### PROVIDED MATERIAL

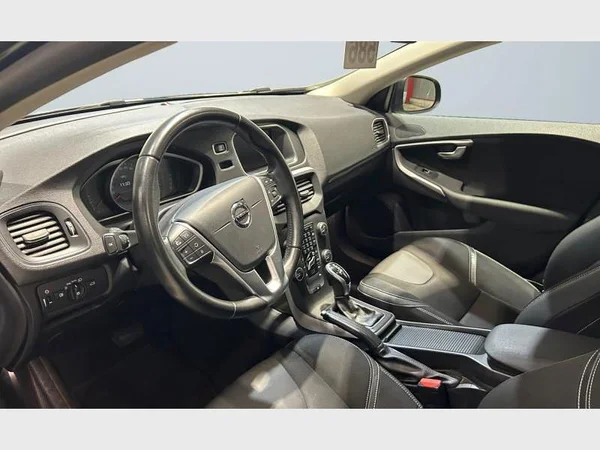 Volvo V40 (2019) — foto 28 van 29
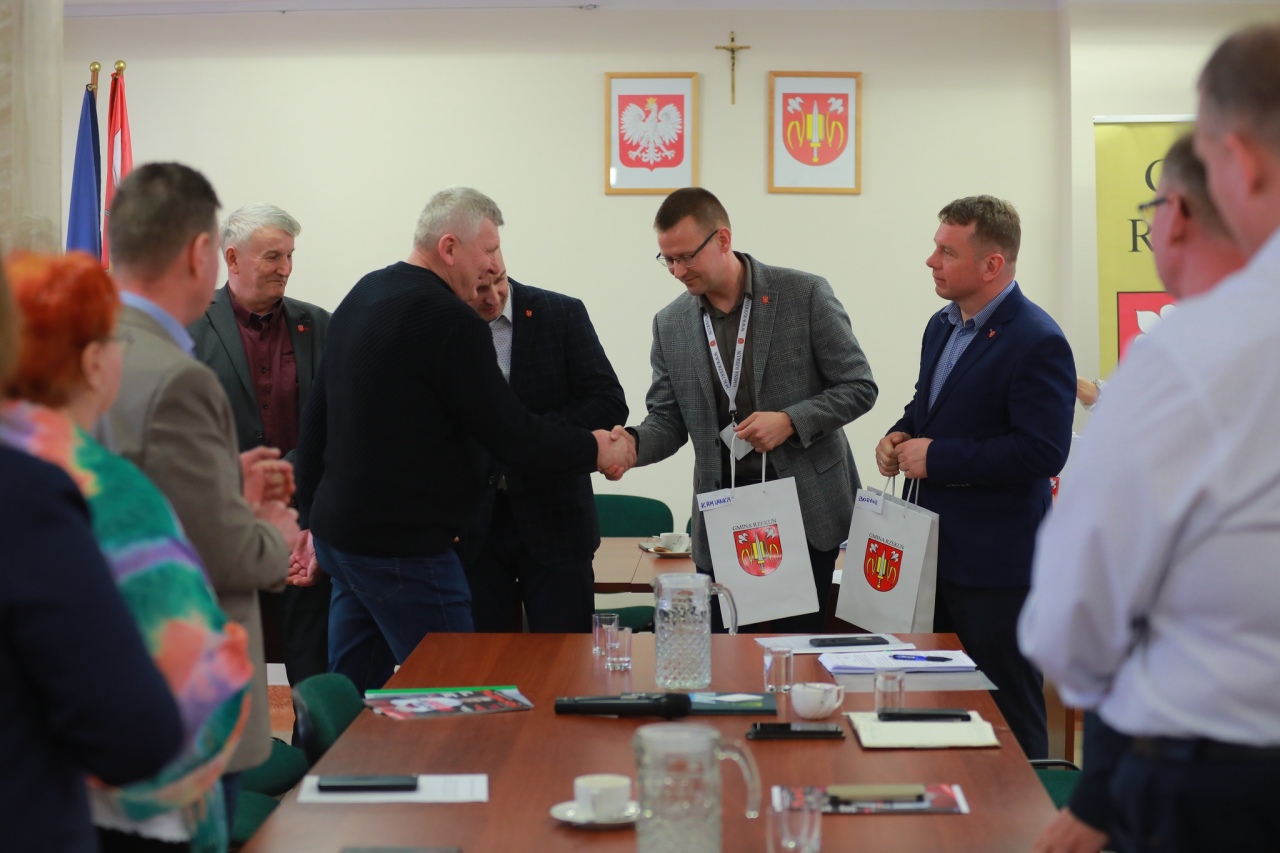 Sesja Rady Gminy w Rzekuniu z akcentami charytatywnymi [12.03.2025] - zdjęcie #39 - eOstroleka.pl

######
### PROVIDED MATERIAL

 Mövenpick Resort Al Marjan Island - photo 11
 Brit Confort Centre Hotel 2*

######
### PROVIDED MATERIAL

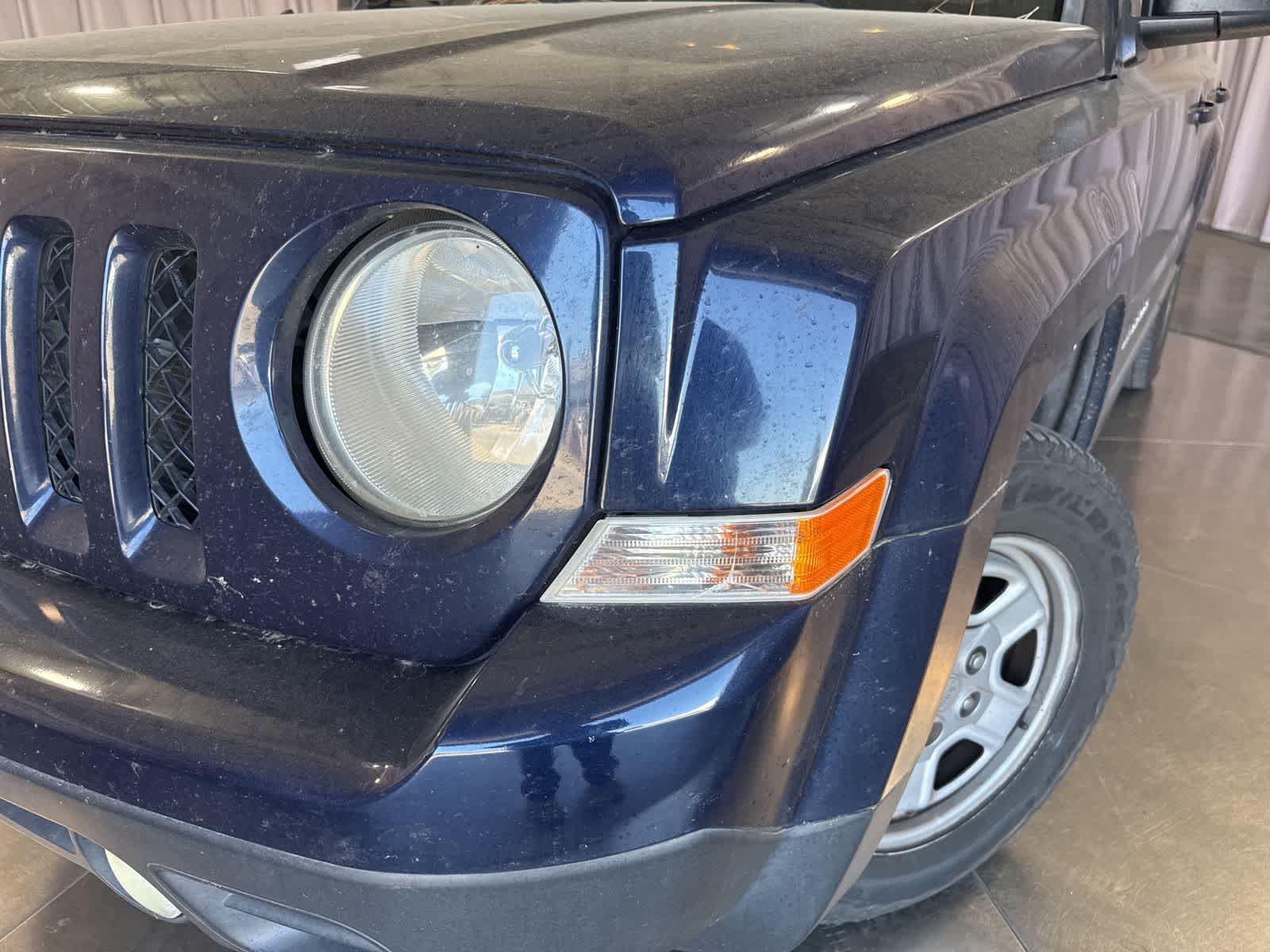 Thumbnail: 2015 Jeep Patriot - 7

######

#### WHAT YOU HAVE TO DO
Referring to the material above, set down exactly the lines between the line with "Mövenpick Resort Al Marjan Island - photo 11" and the line with "Brit Confort Centre Hotel 2*", inclusive, and no other lines.

#### SOLUTION
 Mövenpick Resort Al Marjan Island - photo 11
 Brit Confort Centre Hotel 2*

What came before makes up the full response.